If I plan to shop or if the trip entails both leisure and business and is longer than a week I may also take my small carry on, also 4 wheeled, can be strapped to the other case and it has a front pocket. Now the laptop lives in the front pocket and the shoulder bag only contains essentials I want to have in reach on the plane and my travel documents. The small case is never allowed to become so heavy that I can't lift it into the overhead bins unassisted. If I travel purely for business Monday-Friday the small case is the only suitcase I take.

If it is a leisure trip I am liable to want to have some picnic style meals, skip breakfast or have my travel mug if it is a road trip. So I normally pack a very small tea towel, my spork, my Swiss Army knife, a small tupper wear type container with lid and a tiny bottle of washing up liquid. With the exception of the container it can all be wrapped in the tea towel and fits into the travel mug which gets placed in checked luggage.

You can never have too many small ziplock bags. They are equally useful for containing toiletry leaks, storing foreign currency, storing snacks, storing a few cotton buds and cotton balls for any maintenance on the go, hair clips/pins etc, dirty tissues and small rubbish you accumulate on a day out when there is no bin in sight etc.

Foldable thin fabric type bag to store your dirty clothes, which also allows you to take it to the laundry facility for example if you want to.

A pair of flip flops, which can be used as slippers, sandals and if you want to nip down the corridor to get a drink from the drink machine.
posted by koahiatamadl at 2:35 AM on March 21, 2015


I live in a teeny tiny apartment in Hong Kong with no dryer and no real storage, and so I have to do all my laundry well before I do my packing, which I start perhaps three days before my trip.

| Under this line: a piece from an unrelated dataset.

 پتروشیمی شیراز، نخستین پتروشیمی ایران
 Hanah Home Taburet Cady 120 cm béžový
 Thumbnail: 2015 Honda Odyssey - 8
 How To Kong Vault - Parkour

This sounds extreme but it does mean I have the time to make those choices mentioned above - which socks, which shirts? - and lets me be totally packed the night before I leave with no panic the day of my trip. Waking up an hour later and having a leisurely breakfast on your day of departure is awesome.

Also, the radical freedom of traveling light is amazing. I recently went to Bali for two weeks and India for ten days with just 4 kg of luggage in a collapsible backpack from Muji; smooshed at the bottom of the backpack was a collapsible carry-on-sized duffel bag that I filled with souvenirs (lightweight two-dimensional ones like cool fabric and paper!) and then simply popped everything into the duffel and tipped the scales at 6 kg. I dropped off my laundry every week or so and everything was washed and folded in a day for, usually, USD 3-5. Everything was packed within the duffel in Muji packing cubes and pouches. (Muji is AMAZING for those travel size bottles too! And travel eye masks and slippers! (Go to Muji.)

Finally, keep your home base organised enough so if an unexpected trip pops up you can pack easily (all my travel pouches and bottles live in my suitcase!).
posted by mdonley at 7:32 AM on March 21, 2015


A few more ...

Once I'm settled into a hotel room, I look for and take the stairs instead of the elevator at least once. I also keep my aforementioned wrap and light shoes near my bed, so when some drunk idiots decided to pull the fire alarm at 3 AM last weekend, I got dressed and got out with a minimum of fuss.

I wrap a length of duct tape around a double-ended Sharpie, but you can also buy flat-pack strips of duct tape or packing tape.

A hair claw can be used to hold blackout curtains shut, but I've also used hangers with pant clips from the hotel room closet for the same purpose.

My cats have liberally applied their hair to all my clothes, so a pad of lint-removing sheets are more efficient to carry than a lint roller.

Yeah, there's an app on my phone, but I keep Energizer's LED keychain light on a carabiner. Bonus: set to the blinky pattern, it can be used as a bike light.

You can hack together something like Pinch Provisions' minimergency kits, but I've supercharged mine with a little packet of antibiotic ointment, a small pill box with painkillers/antacids/decongestant/etc., and a Colgate WISP.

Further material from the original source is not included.